Optimize iteration in DatasetInstance model + SA2.0 fix #16776

jdavcs · 2023-10-02T14:17:16Z

This is both an optimization and a SQLAlchemy 2.0 fix.

There's no need to prepopulate 2 lists pulling all records from the database, then concatenate them into one list, then iterate. Instead we simply chain the iterators: that way we don't pull everything from the database upfront, and exit the iteration early if condition met.

Ref: #12541

How to test the changes?

(Select all options that apply)

I've included appropriate automated tests.
This is a refactoring of components with existing test coverage.
Instructions for manual testing are as follows:
1. [add testing steps and prerequisites here if you didn't write automated tests covering all your changes]

License

I agree to license these and all my past contributions to the core galaxy codebase under the MIT license.

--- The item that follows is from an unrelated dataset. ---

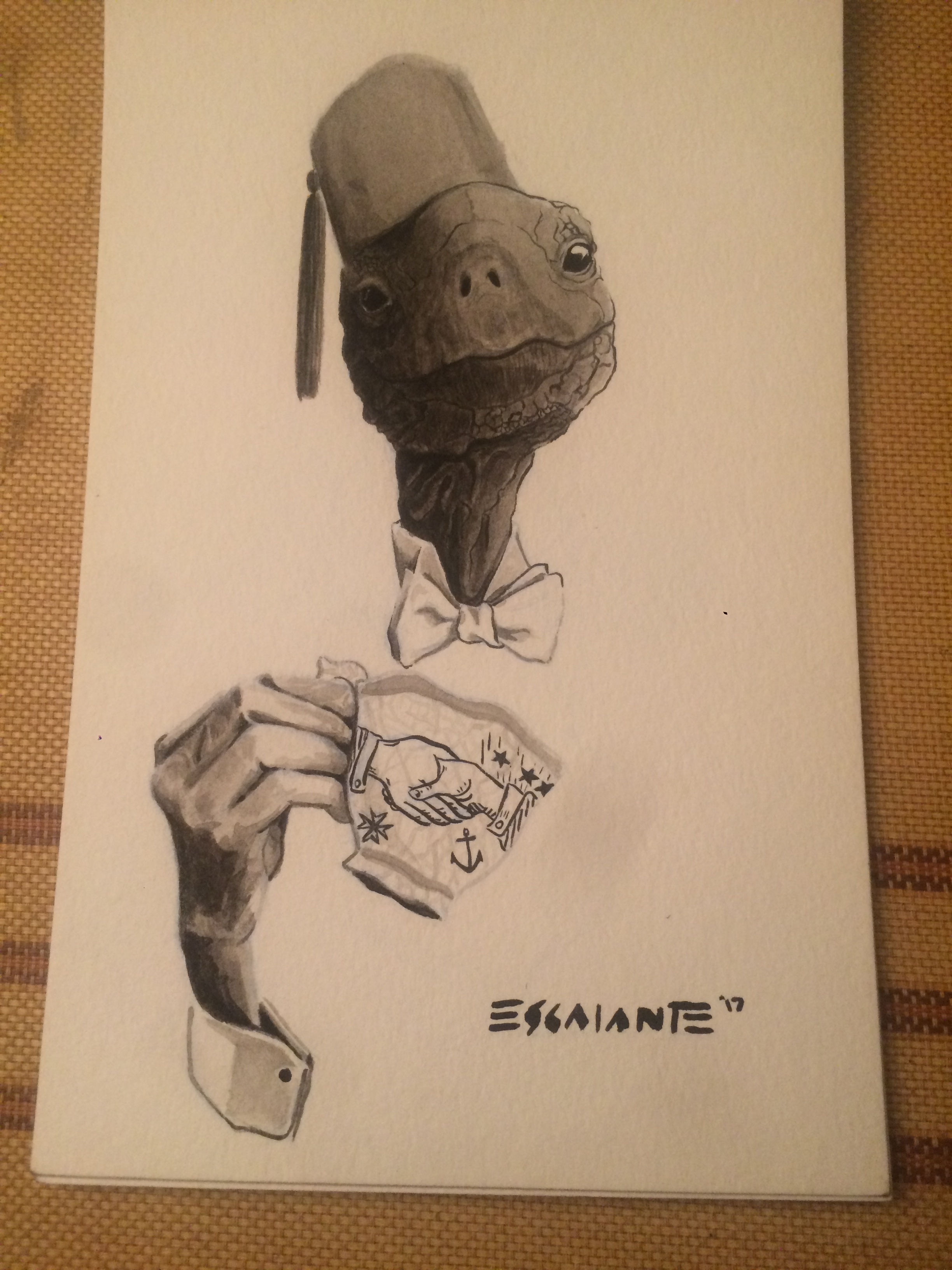 Tea Time Tortoise (Original)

No need to make lists before iteration given possible early termination

bgruening · 2023-10-02T14:48:21Z

lib/galaxy/model/__init__.py

@@ -4487,10 +4488,9 @@ def ok_to_edit_metadata(self):
        # prevent modifying metadata when dataset is queued or running as input/output
        # This code could be more efficient, i.e. by using mappers, but to prevent slowing down loading a History panel, we'll leave the code here for now


should this comment now go away?

Well now that you mention it... I've looked at the generated queries. Given that this needs to be efficient, we can do better.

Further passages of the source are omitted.